One of the students on my current NLP practitioner training called me today with a problem that every coach will recognise. She is doing some ‘practice’ coaching for a friend, by telephone. Each week the client very positively identifies and commits to their actions for the coming week – and by the following week, there is always some reason why the client hasn’t carried them out.
Pretty much every coach alive has been there. But what to do?
A bit more background: this client talks very positively but is prone to taking too much on, and rarely says ‘no’ to requests to do even more. The coach had helped her elicit her values around work, and they were all very ‘towards’.
My thoughts were that if the client has a pattern of ‘people pleasing’, she might also be saying what she thinks the coach wants to hear. She probably means it at the time, but deep down, her unconscious mind doesn’t want to do it, so when she gets off the phone, she forgets, or something ‘outside her control’ just (apparently) happens to prevent her.
A few ideas suggest themselves:
1. Gently bring the gap between what she says and what she does to the client’s attention: “You say you want to do this, and nothing has happened since you said it. What is going on here?”
2. Check for ‘hidden’ or unconscious values beyond those already elicited using a ‘threshold’ process, which goes like this:
a. “All these values being present, is there anything that could happen that could make you leave?”

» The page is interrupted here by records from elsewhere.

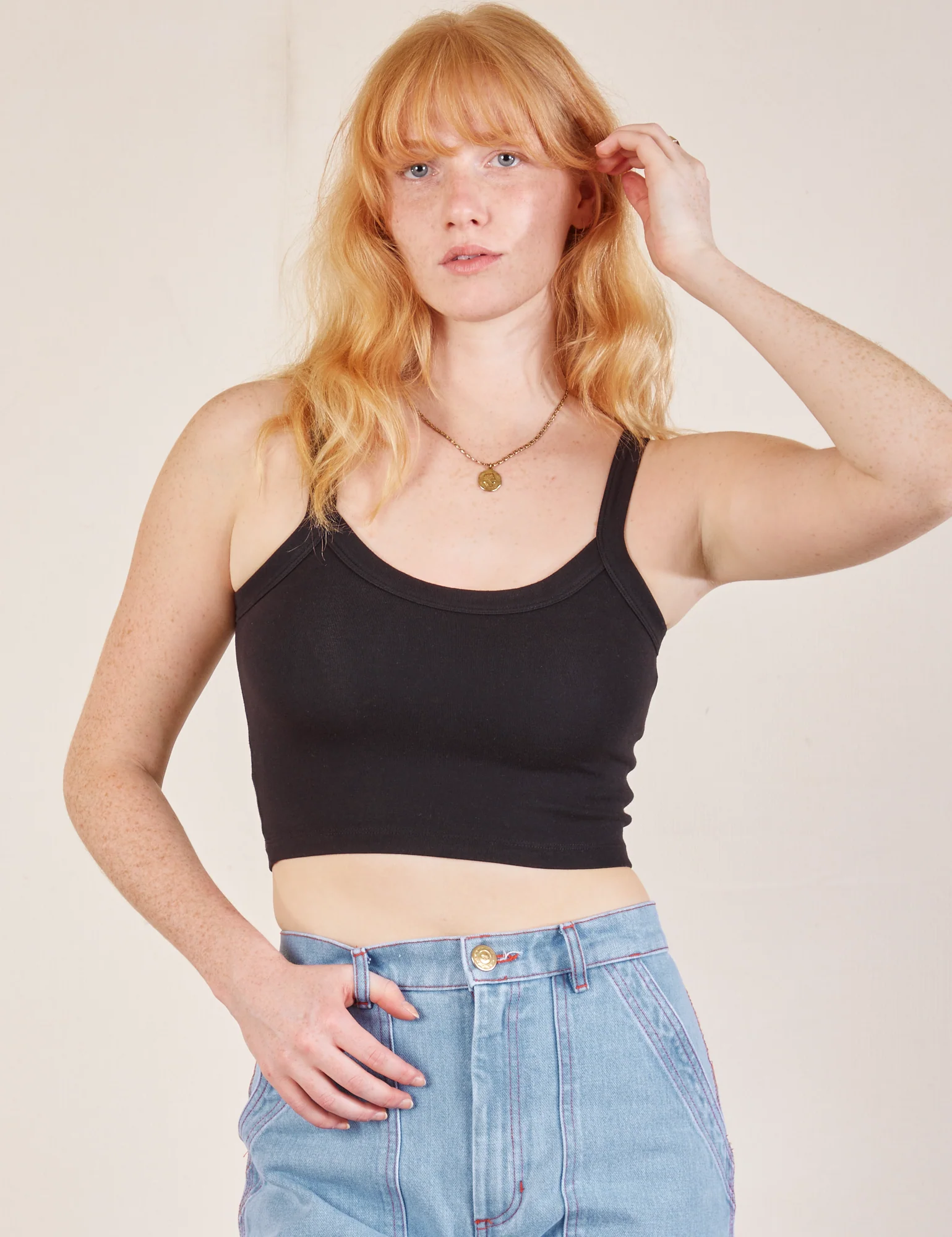 Cropped Cami - Basic Black - Image 18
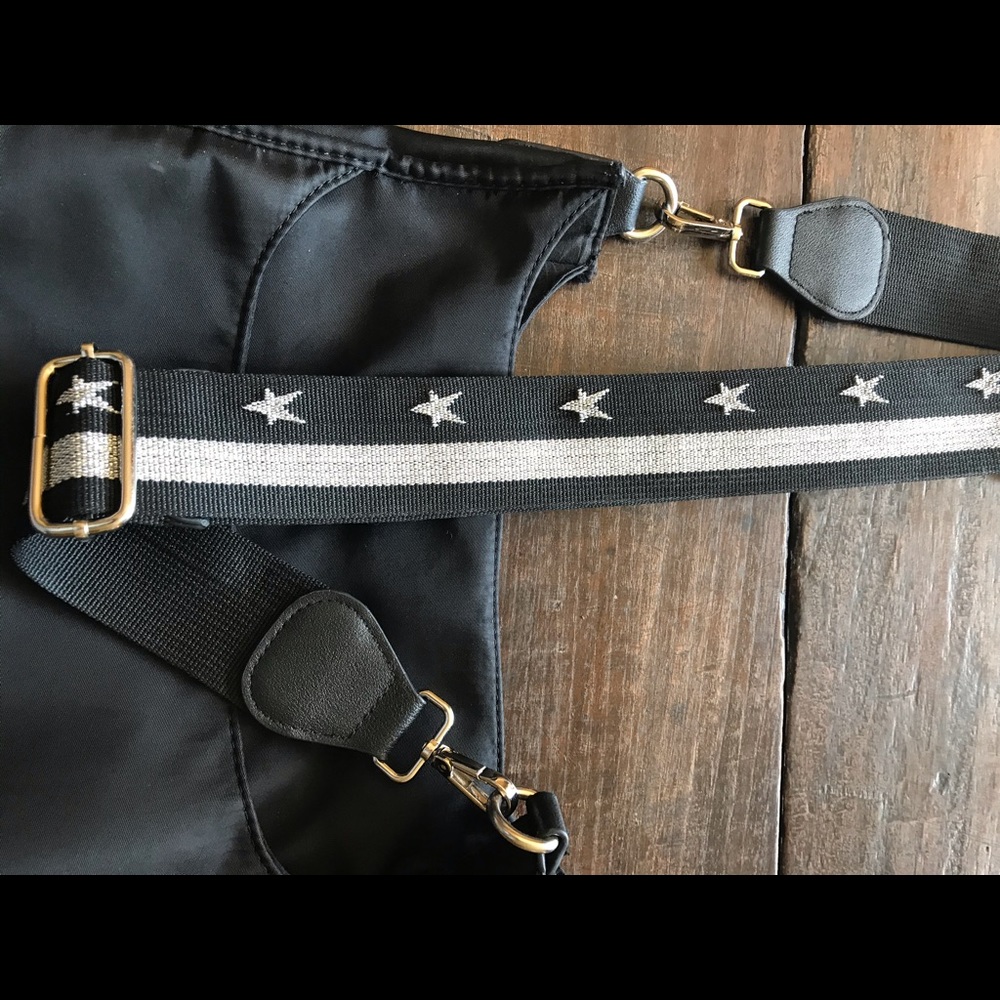 Ahdorned Nylon cross body bag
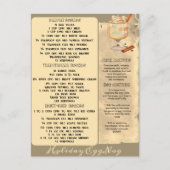 VAKANTIE EIERPUNTENRECEPTEN | BRIEFKAART (Voorkant)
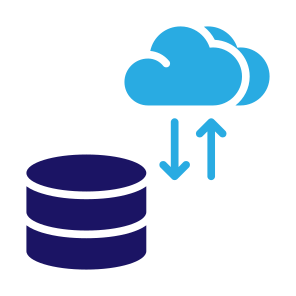 Cloud Transfer, Cloud, Transfer, Data Transfer, Server, Storage icon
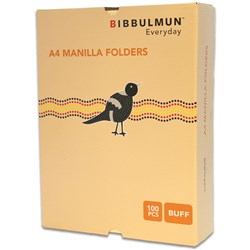 Bibbulmun Manilla Folder A4 Buff Box Of 100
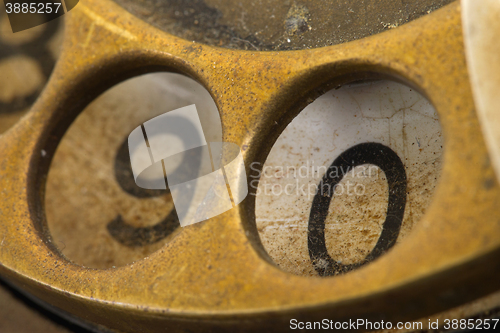 Image of Close up of Vintage phone dial - 0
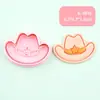 Formas de Biscoito Série Cowboy, Tipo Pressionar 3D Realista, Formatos de Bota e Chapéu, Ferramentas de Confeitaria DIY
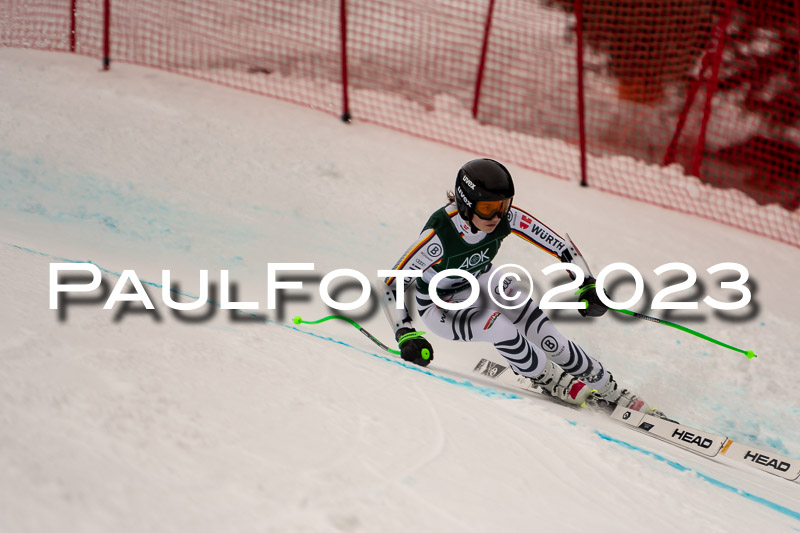 NJC + FIS, Super-G, Damen , 17.02.2023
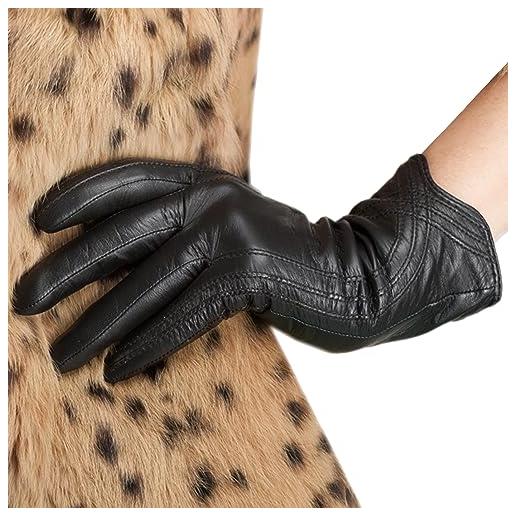 Nappaglo nappa pelle touchscreen guanti caldo agnello handmade per le donne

b. “All these values being present, plus (Value(s) just mentioned) what would have to happen such that would make you stay?”

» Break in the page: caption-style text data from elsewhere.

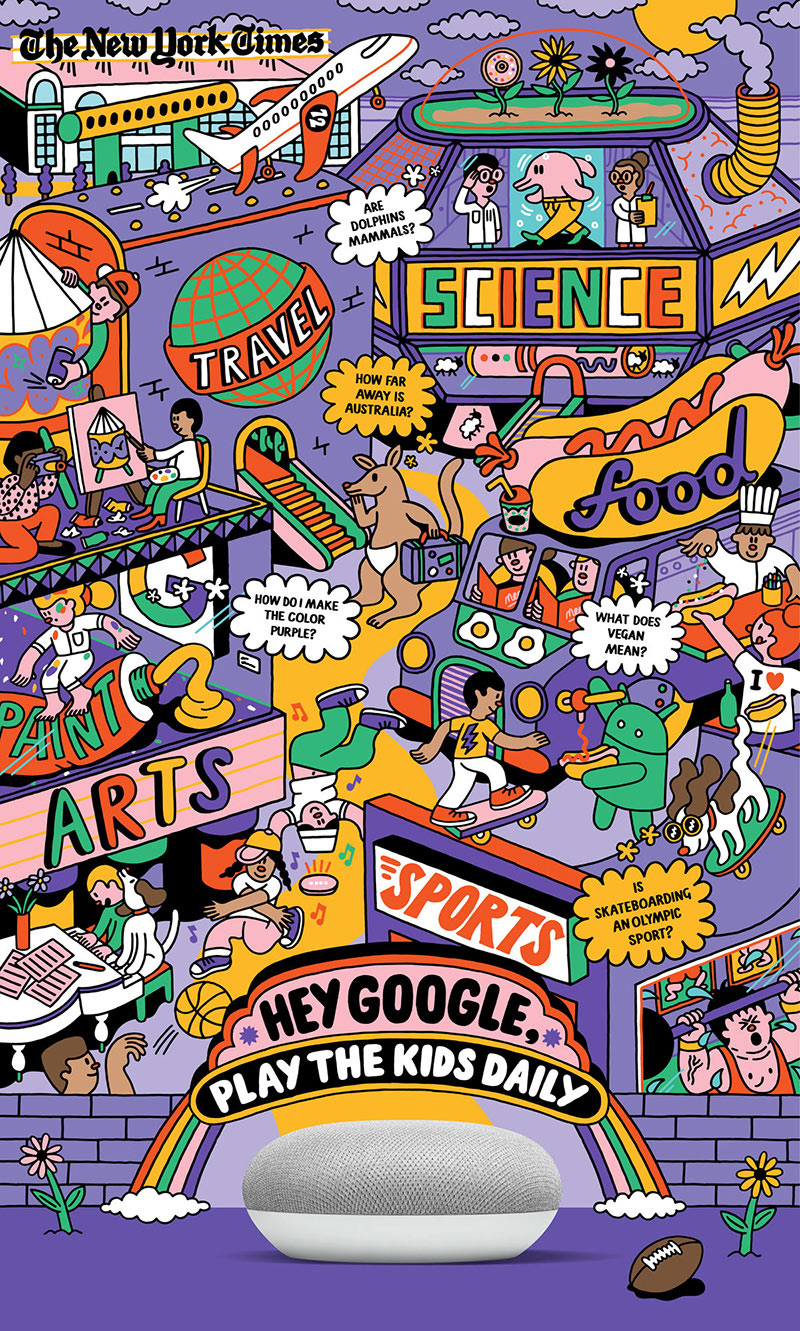 个性插画20款kateprior趣味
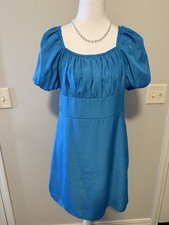 GB Women’s Dress Turquoise Short Sleeves Above Knee Size M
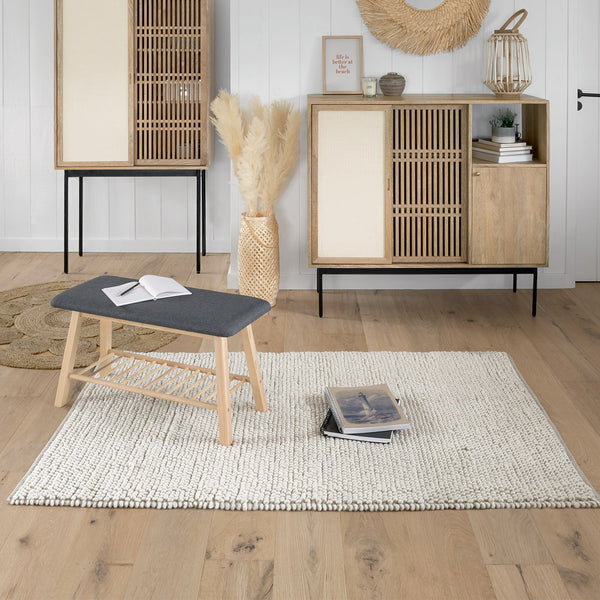 Tapis beige poil doux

c. “All these values being present, plus (Value(s) just mentioned) what would have to happen such that would make you leave?”
d. Continue with steps b-c until you get repeat words.
This will flush out hidden ‘away-from’ values that the client may not have been consciously aware of, but which nevertheless have been influencing her behaviour.
Fortunately, these are easy and natural questions to ask someone, as the area under discussion is Work and Career.
3. The client’s default setting when someone asks her to do something extra is to say ‘yes’ automatically – only later considering whether she actually has time for this additional task. What if she got into the habit of saying ‘no’ automatically?
4. Maybe the goals are just too big and daunting, and the client needs to break them down into smaller steps and only promise to carry out the very first step – whatever she can commit 100% to. In NLP we would call this ‘chunking down’ and be alert to any signs of incongruence in the client’s voice (remember, the coaching is happening over the phone).